15.24 TAJIKISTAN, Lake Karakul, The Gate of the White Tara

Sitting at Lake Karakul, with Sandra, in front of Mount Muztagh Ata. A mountain with a height of 7546 meter. We are at a height of 4000 meter and it is difficult to breath here, to get oxygen, and we feel heavy, or tired. The place is depressing, unloving. There is a lot of police, touristic attractions and dirt. It is difficult to get in a good mood here, but we will try to connect to the mountain.

‘This is the gate of the white Tara. I am the embodiment of eternal compassion. I embrace all people as my children and I know they make mistakes, I know they falter, they stumble and fall. But everyone is on another part of the path towards enlightenment.

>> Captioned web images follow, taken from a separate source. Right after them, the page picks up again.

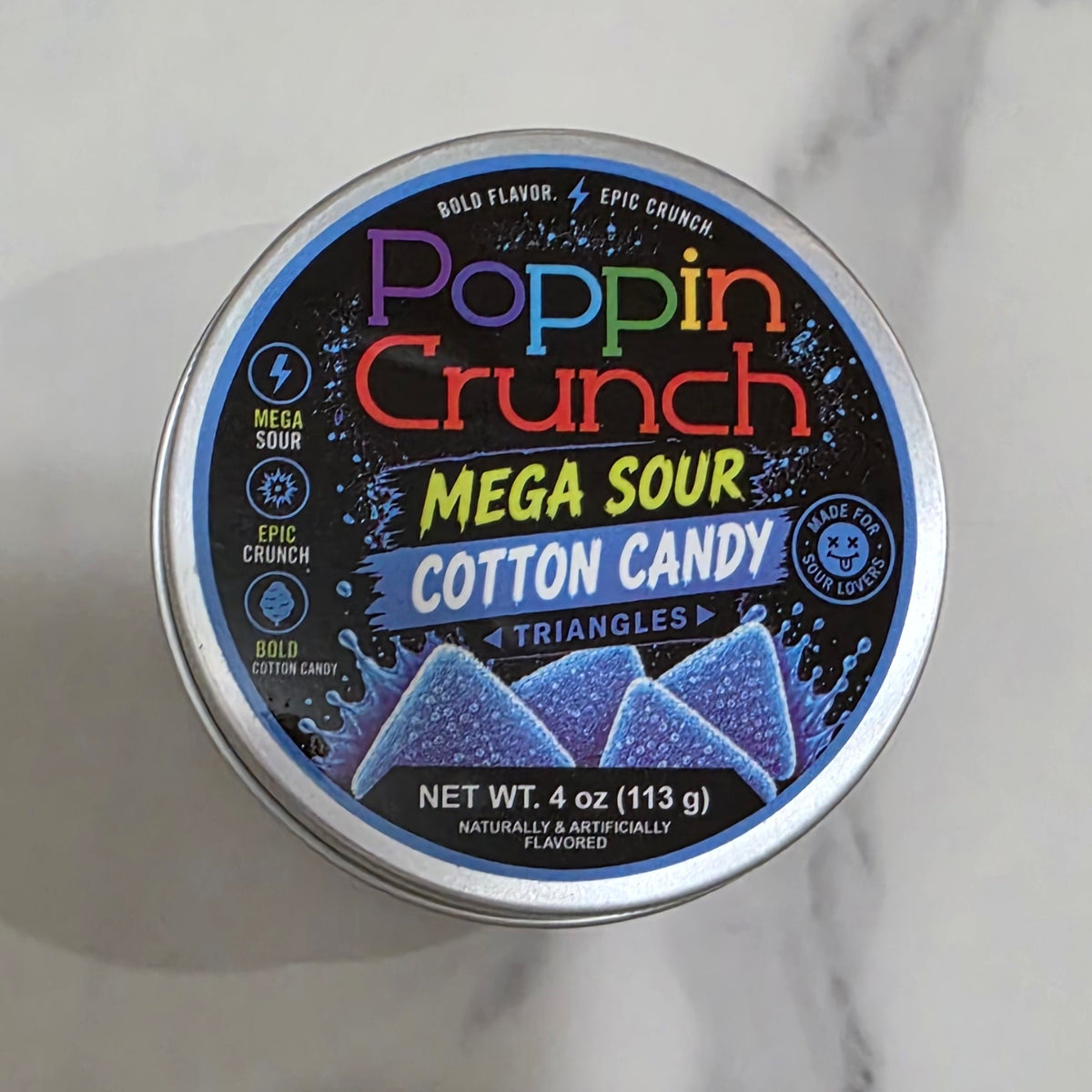 Poppin Crunch Sugar Free Mega Sour Candy Triangles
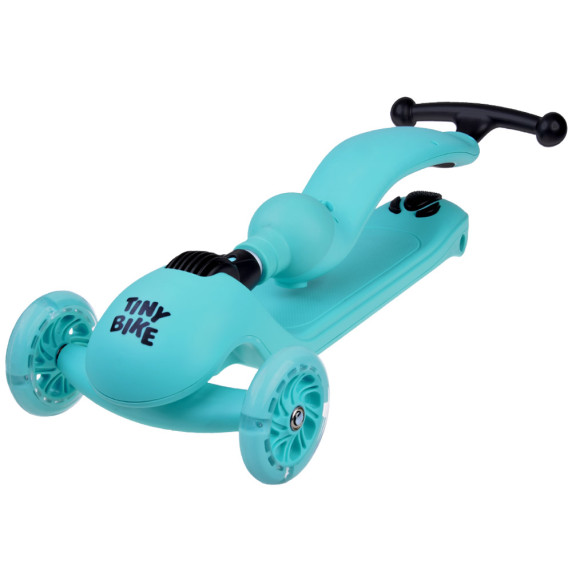 Háromkerekű roller 2az1-ben tolókarral és világító kerekekkel Inlea4Fun Tiny Bike - kék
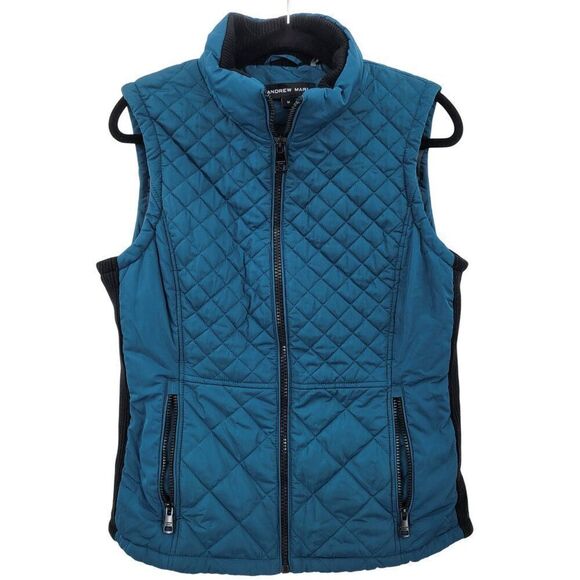 Andrew Marc Womens Teal Quilted Vest M Full-Zip Pockets Gorpcore Granola City - Picture 2 of 11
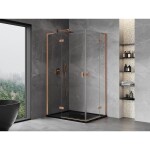 MEXEN/S - Mist-H L Duo sprchový kout dveře křídlové 90 x 85, transparent, měď kartáčovaná 8A5L-090L-085P-65-00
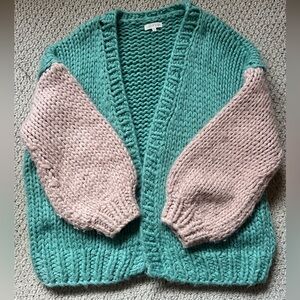 Little Lies Pink & Teal Chunky Knit Cardigan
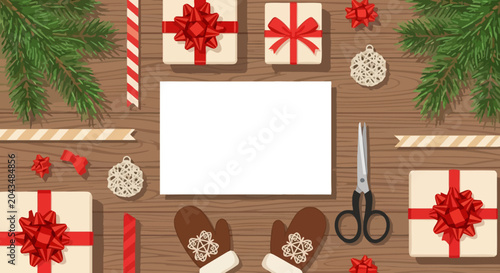 Quadro su tela Christmas flat lay with blank card, gifts, mittens, and festive decorations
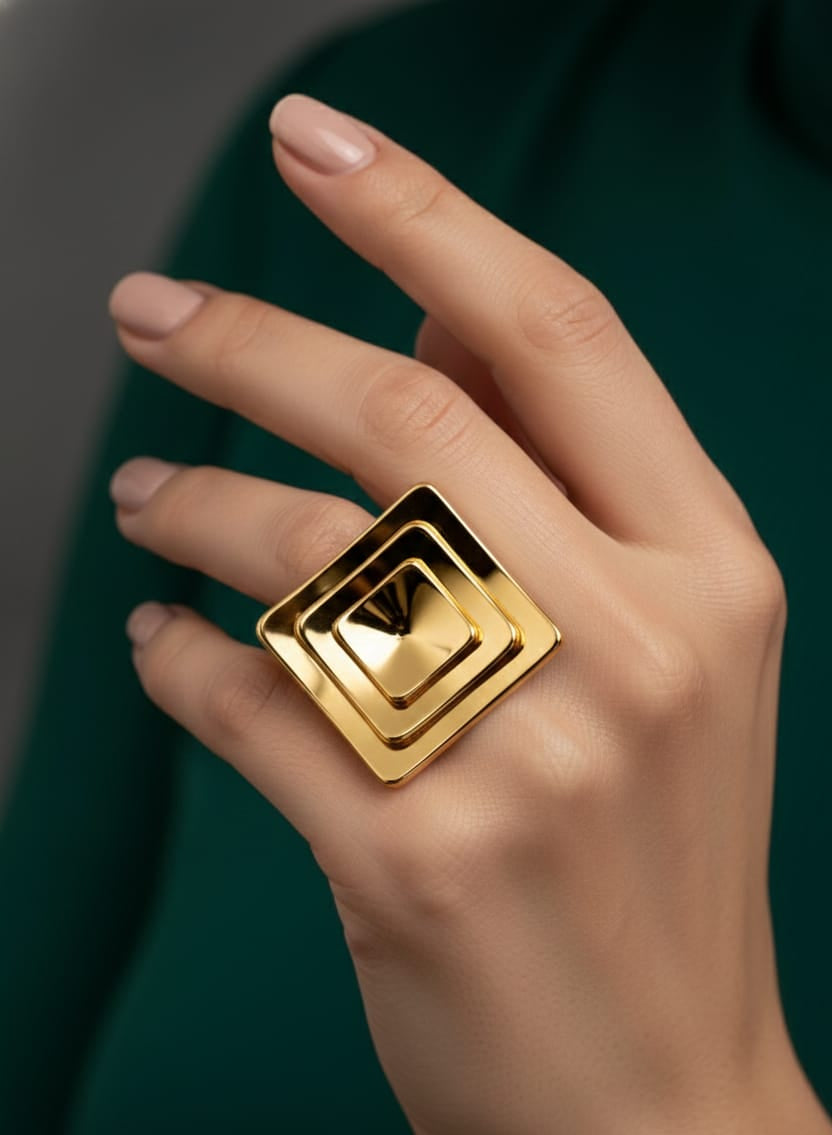 Geometric Gold Square Anti-Tarnish Adjustable Cocktail Ring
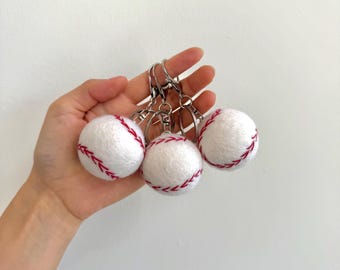 Felt Baseball Keychain, Baseball Party Favors, Handmade Baseball Bag Charm, Game Day Sports Charm, Baseball Mom Gift, Baseball Coach Gift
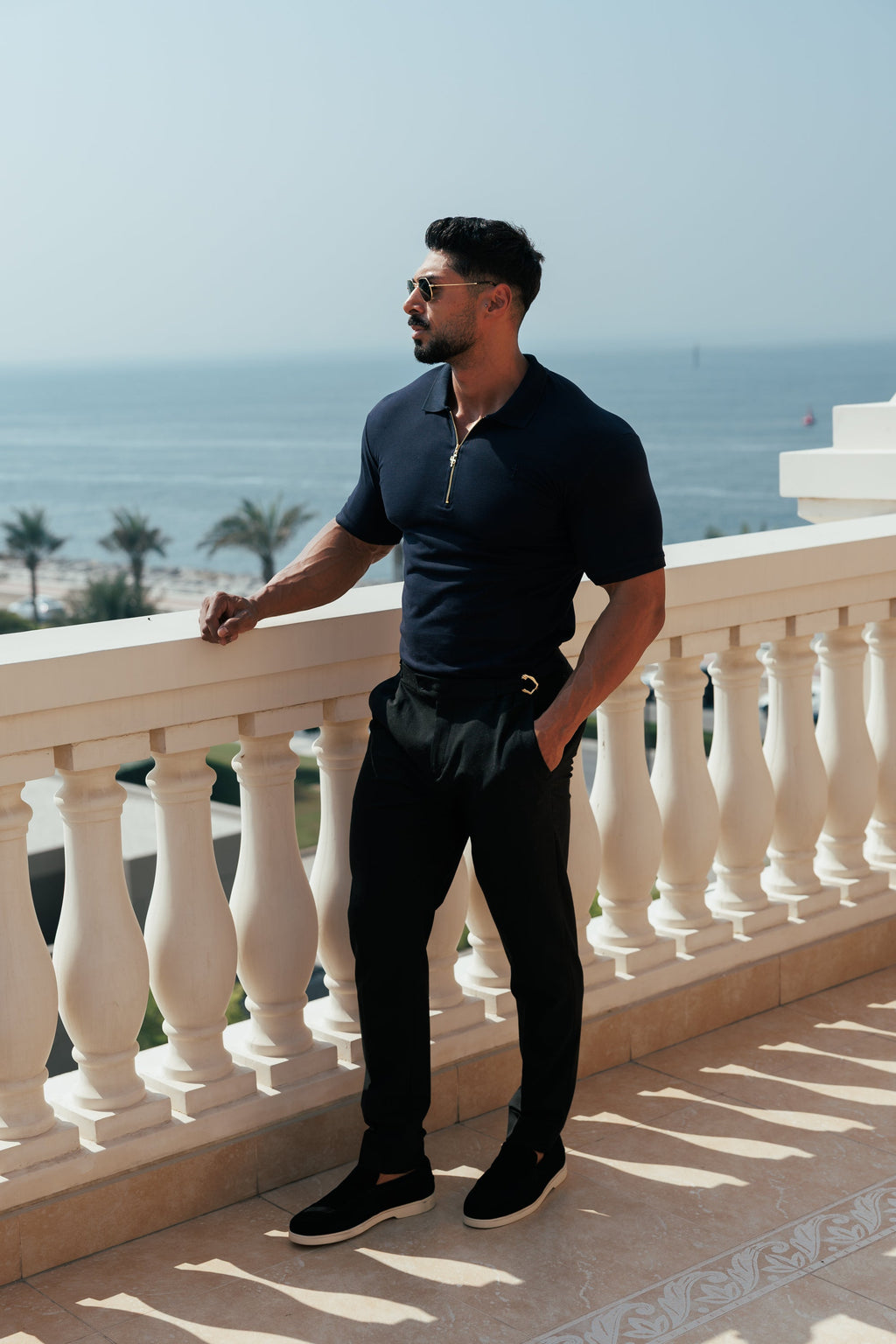 Father Sons Classic Navy and Gold Zipped Polo Shirt - FSH809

Everyone has his own lessons to learn. And there is no better or worse, only one step at the time. If you can look through the illusion of right and wrong, of good and bad, you will see that there is only love, there is only light. But it is for you to go through this gate, to enter into the kingdom of Shambhala. Because this is one of the doorways. Entry means that you come to this higher state of awareness, of love. This does not mean that you are closing your mind for everything around you, you still need to discern between the two; between right and wrong. But there is a pathway beyond this right and wrong. That is where this gate leads to. 

It means you have to understand who you are and have a deeper compassion, a deeper understanding of yourself. Because as you judge others, you judge yourself – they are one and the same. As the bodhisattva of compassion the only lesson I teach you is that you always look into the mirror, and thus you will get to know yourself. So when you release your own judgement about your mistakes – about the things you do wrong in your own eyes, your own judgement – when you’re able to embrace that, you will be able to embrace everyone.

We know this is not easy. It is not a path for all, to climb a mountain of 7500 meters. So welcome again. Because you are entering secret ground, entering my body, entering my consciousness. Because you are part of me, as they – the men you see around here – are part of you, they are part of your dreams. Walk tall. Find your own dignity and ground yourself in that awareness of who you are. Not comparing yourself to them, not anchoring yourself into their system. Anchor yourself within the heart of the Buddha.